Federal authorities made a very public showing in 2010, documenting a year of reckoning for crooks prosecutors say took part in a wave of mortgage fraud and Ponzi schemes that brought down the American economy.

Many paid the price in prison time amid accusations of shady dealings during the real estate and investment boom leading up to the bubble bursting on both fronts in the United States and in Florida, one of the hardest-hit states in the nation.

Almost weekly last year, U.S. Attorney’s Offices throughout Florida announced the arrests, convictions, and sentences of dozens of defendants on charges stemming from mortgage fraud and Ponzi schemes that bilked citizens out of billions.

But with the majority of the cases stemming from fraud that occurred three to four years ago, during the salad days of the real estate and investment boom, some say trumpeting a crackdown after the fact overshadowed lapses by federal authorities that fed the climate for fraud and the ensuing meltdown.

“They closed the barn door after all the horses escaped,” says Miami defense attorney Frank Rubino, who has represented numerous clients accused of mortgage and investment fraud.

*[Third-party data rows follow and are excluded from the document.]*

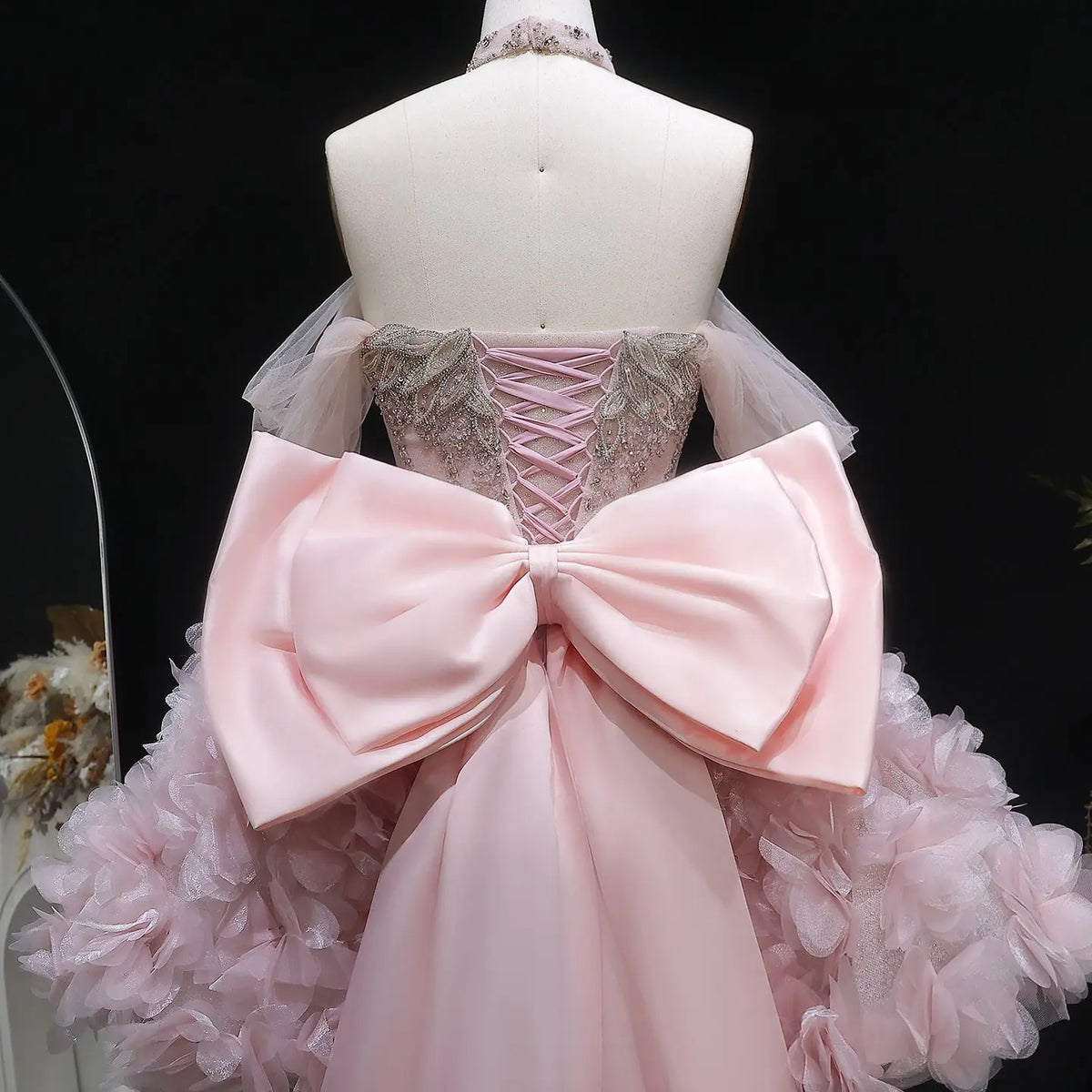 Luxury Pink 3D Floral Train Evening Dress with Overskirt and Bow SS740 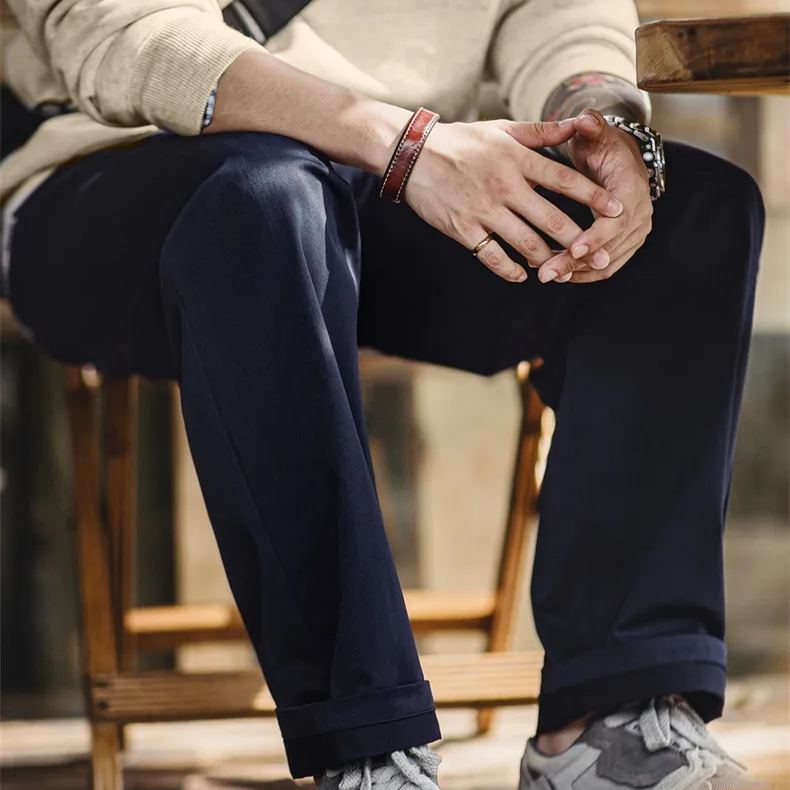 Maden herringbone Easypants clean fit straight tapered long pants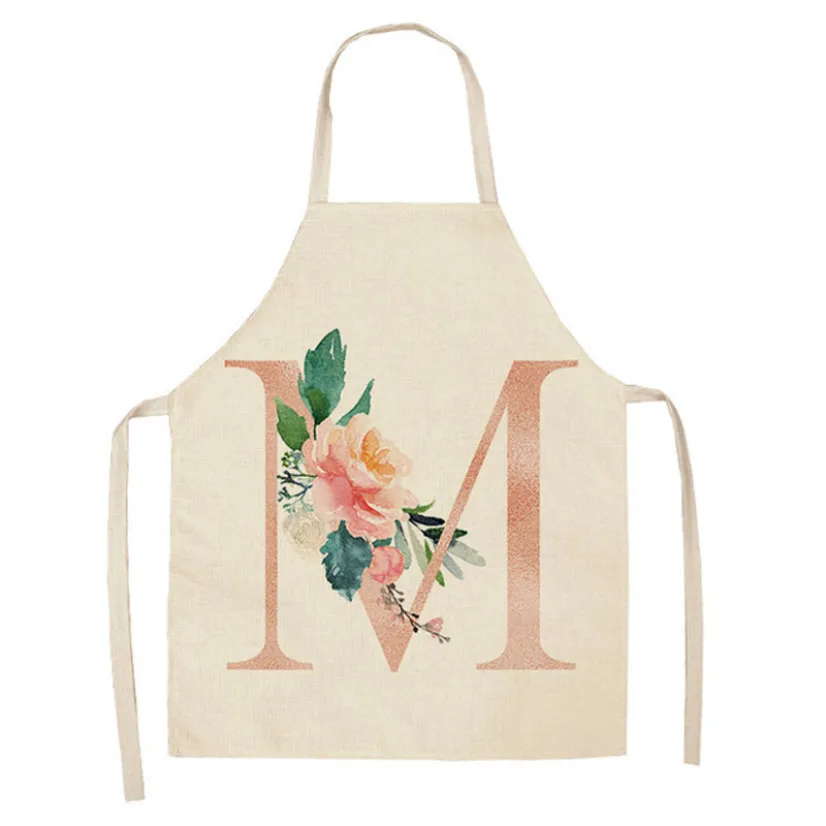 

Cute Alphabet Flower Cotton Aprons Funny for Women Nordic Style House Linen Retro Apron for Hairdressers Cooking Cleaning Tool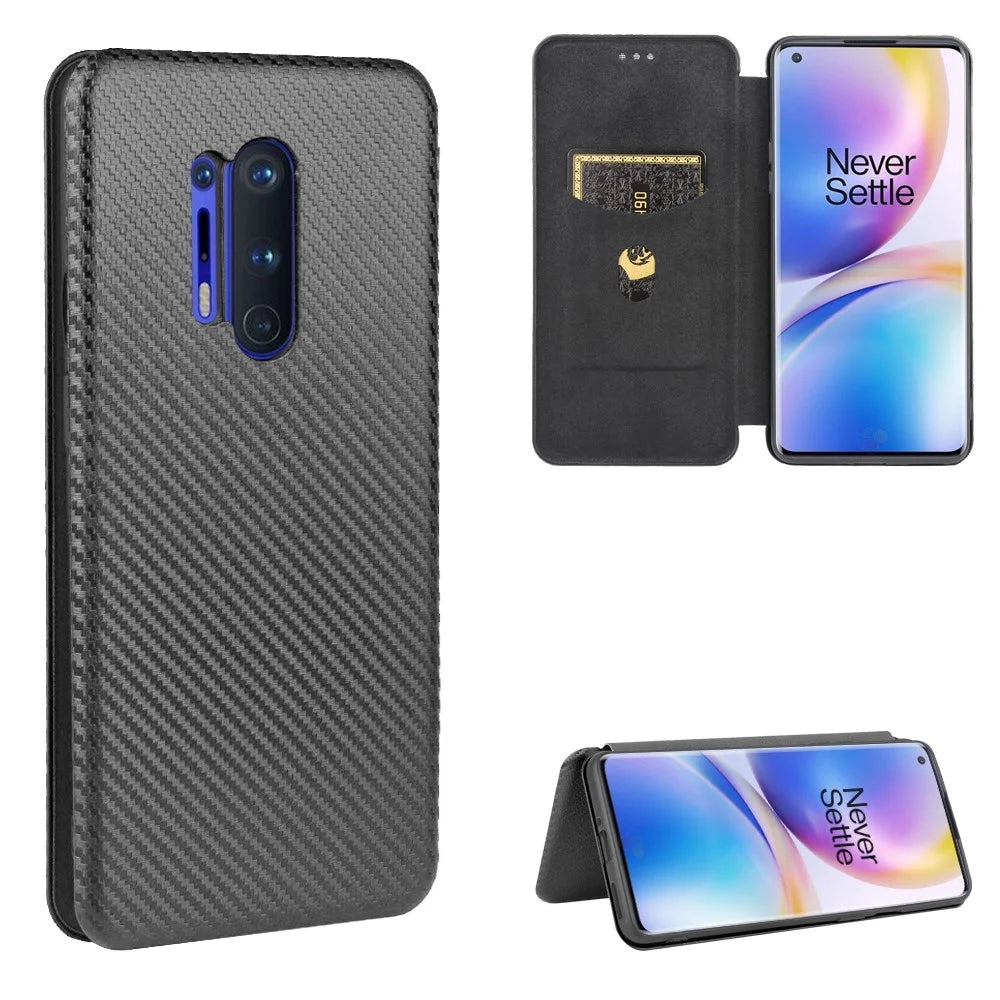 Carbon Fiber Texture Leather Auto-absorbed Phone Casing for OnePlus 8 Pro - Black - 1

Prior to the economic meltdown, federal authorities did little to combat rampant mortgage and investment fraud in Florida, but once the economy collapsed it became easy to cherry-pick paper trails and make arrests, according to Rubino.

“It wasn’t hard to get convictions. When you have a paper trail it is like taking candy from a baby,” Rubino says. “That’s not the point. The point is: Where were they when all of this was going on?”

For three years, Florida had topped the nation in mortgage fraud, and in June a federal report said it remained so in 2009.

Days after the release of that report, the country’s top law enforcement officers announced the “largest mortgage fraud sweep in history,” with Attorney General Eric Holder and FBI director Robert Mueller announcing “Operation Stolen Dreams,” a nationwide crackdown on mortgage fraud.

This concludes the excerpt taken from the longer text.